[Stored dataset items]
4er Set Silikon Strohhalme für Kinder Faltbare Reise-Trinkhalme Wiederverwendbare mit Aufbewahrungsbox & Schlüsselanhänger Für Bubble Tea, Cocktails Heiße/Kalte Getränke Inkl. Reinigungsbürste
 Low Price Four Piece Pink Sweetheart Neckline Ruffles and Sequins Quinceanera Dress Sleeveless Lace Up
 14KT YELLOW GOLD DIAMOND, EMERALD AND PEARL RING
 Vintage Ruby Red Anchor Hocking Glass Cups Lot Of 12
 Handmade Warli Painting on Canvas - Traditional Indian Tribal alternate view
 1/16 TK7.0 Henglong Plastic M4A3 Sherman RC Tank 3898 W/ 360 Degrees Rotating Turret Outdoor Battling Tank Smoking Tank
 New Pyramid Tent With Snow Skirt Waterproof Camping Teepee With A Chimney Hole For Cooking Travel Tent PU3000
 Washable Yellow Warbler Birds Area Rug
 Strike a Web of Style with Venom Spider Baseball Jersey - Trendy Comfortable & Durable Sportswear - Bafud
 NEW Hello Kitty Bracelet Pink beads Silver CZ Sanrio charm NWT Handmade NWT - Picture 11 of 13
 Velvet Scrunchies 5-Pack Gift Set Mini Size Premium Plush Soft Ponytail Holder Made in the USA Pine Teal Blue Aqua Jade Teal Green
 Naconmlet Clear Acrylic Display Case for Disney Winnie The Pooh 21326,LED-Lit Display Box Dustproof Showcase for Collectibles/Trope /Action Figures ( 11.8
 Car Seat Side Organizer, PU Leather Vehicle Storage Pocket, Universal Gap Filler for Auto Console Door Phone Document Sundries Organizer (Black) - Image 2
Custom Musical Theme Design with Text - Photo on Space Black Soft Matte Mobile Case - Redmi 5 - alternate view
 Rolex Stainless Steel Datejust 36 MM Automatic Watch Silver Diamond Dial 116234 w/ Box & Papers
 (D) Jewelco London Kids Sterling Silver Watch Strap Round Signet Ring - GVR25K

> _What you will do_:
Print each entry precisely. Include every line.

> _Answer box_:
4er Set Silikon Strohhalme für Kinder Faltbare Reise-Trinkhalme Wiederverwendbare mit Aufbewahrungsbox & Schlüsselanhänger Für Bubble Tea, Cocktails Heiße/Kalte Getränke Inkl. Reinigungsbürste
 Low Price Four Piece Pink Sweetheart Neckline Ruffles and Sequins Quinceanera Dress Sleeveless Lace Up
 14KT YELLOW GOLD DIAMOND, EMERALD AND PEARL RING
 Vintage Ruby Red Anchor Hocking Glass Cups Lot Of 12
 Handmade Warli Painting on Canvas - Traditional Indian Tribal alternate view
 1/16 TK7.0 Henglong Plastic M4A3 Sherman RC Tank 3898 W/ 360 Degrees Rotating Turret Outdoor Battling Tank Smoking Tank
 New Pyramid Tent With Snow Skirt Waterproof Camping Teepee With A Chimney Hole For Cooking Travel Tent PU3000
 Washable Yellow Warbler Birds Area Rug
 Strike a Web of Style with Venom Spider Baseball Jersey - Trendy Comfortable & Durable Sportswear - Bafud
 NEW Hello Kitty Bracelet Pink beads Silver CZ Sanrio charm NWT Handmade NWT - Picture 11 of 13
 Velvet Scrunchies 5-Pack Gift Set Mini Size Premium Plush Soft Ponytail Holder Made in the USA Pine Teal Blue Aqua Jade Teal Green
 Naconmlet Clear Acrylic Display Case for Disney Winnie The Pooh 21326,LED-Lit Display Box Dustproof Showcase for Collectibles/Trope /Action Figures ( 11.8
 Car Seat Side Organizer, PU Leather Vehicle Storage Pocket, Universal Gap Filler for Auto Console Door Phone Document Sundries Organizer (Black) - Image 2
Custom Musical Theme Design with Text - Photo on Space Black Soft Matte Mobile Case - Redmi 5 - alternate view
 Rolex Stainless Steel Datejust 36 MM Automatic Watch Silver Diamond Dial 116234 w/ Box & Papers
 (D) Jewelco London Kids Sterling Silver Watch Strap Round Signet Ring - GVR25K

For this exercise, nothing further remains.